According to the realty firm, the average April DOM for sales in the four beach cities was 69, which is the highest DOM for April since I've started keeping track of Shorewood's DOM numbers back to July 2004. Again, DOM is showing an unusual pattern. During the spring, it normally dips, and that's not really happening. Yet Shorewood doesn't really discuss it.

My calculation of average DOM for just Redondo Beach in April came in at 152 days, which is about 5 months.

Now let's look at Supply Strength (Demand Weakness). It is coming down. Now look at the last time it came down in a big way. We have to keep in mind that for this chart I use Shorewood's own official numbers, not my own estimates. Last year when the official inventory count shrank, that didn't exactly lead to a booming recovery, did it? So I wouldn't interpret any decline yet as a sign of a recovery. We are a long way from that.

Shorewood probably defines *inventory* as whatever is currently listed. When inventory shrinks, Shorewood calls that *good*. I, on the other hand, am assuming we are in one hellacious downturn. So when I see inventory drop, I build another assumption upon my bear market assumption - inventory dropped because home sellers who didn't sell their homes and didn't relist have set aside the idea of selling their homes. They have exited the stage, relegated to the roles of understudies. In other words, there are frustrated wannabe sellers out there who aren't even listing their houses right now because of market conditions.

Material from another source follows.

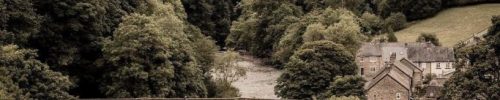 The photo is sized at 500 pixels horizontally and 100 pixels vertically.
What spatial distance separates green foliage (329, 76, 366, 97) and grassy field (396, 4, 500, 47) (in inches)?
1603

What evidence do I have that my assumptions could have merit? Well, of the 185 listings I currently have in my database of properties that were either listed or marked down in May (this month), some 28% were originally listed five months ago or longer. Of all the 1000+ unresolved records in my database (not just the ones that are newly listed or price-reduced in May), some 10% of them were first listed in 2006. Another 17% were listed from the beginning of last year up until a year ago (late May).

Even if, say, 25% of the 1000+ unresolved records in my database were resolved, that would still put my database showing some 40% more inventory than what is currently listed in Zip Realty.

Anyway, back to inventory versus sales. It's been coming down. I don't anticipate inventory to sales getting tight like it did around March 2007, and certainly not tight like it did in the late spring of 2005. We'll see.

Now, beach cities median price. It actually moved up, by some 9.1%, to $1,050,000. The price pattern is quite jagged. Even though the median price was up from March, it is still below the peaks reached in September 2007 and January 2008.

I don't know if I've explained before, but I am starting to wonder if there could be some manipulation in the sales figures. Units at Breakwater have been selling. These are lower end senior condos. The sales of these would pull down the median price in Redondo Beach even more than its been showing. Some local realtors even pointed that out in an article in March. I cannot find sales records recorded either in the local papers or in Zillow. The only reason I know about any sales at all is because Zip Realty shows about 35 (out of 190+ units) sold. Neither square footage nor sales prices are recorded in Zip Realty, and as I've said they aren't recorded anywhere else at all yet.

It's difficult to tell whether Redondo Beach is exerting any gravitational pull downwards on the median price. This is one month, where, unusually, the Redondo Beach chart from DataQuick data and the beach cities chart differ in price direction.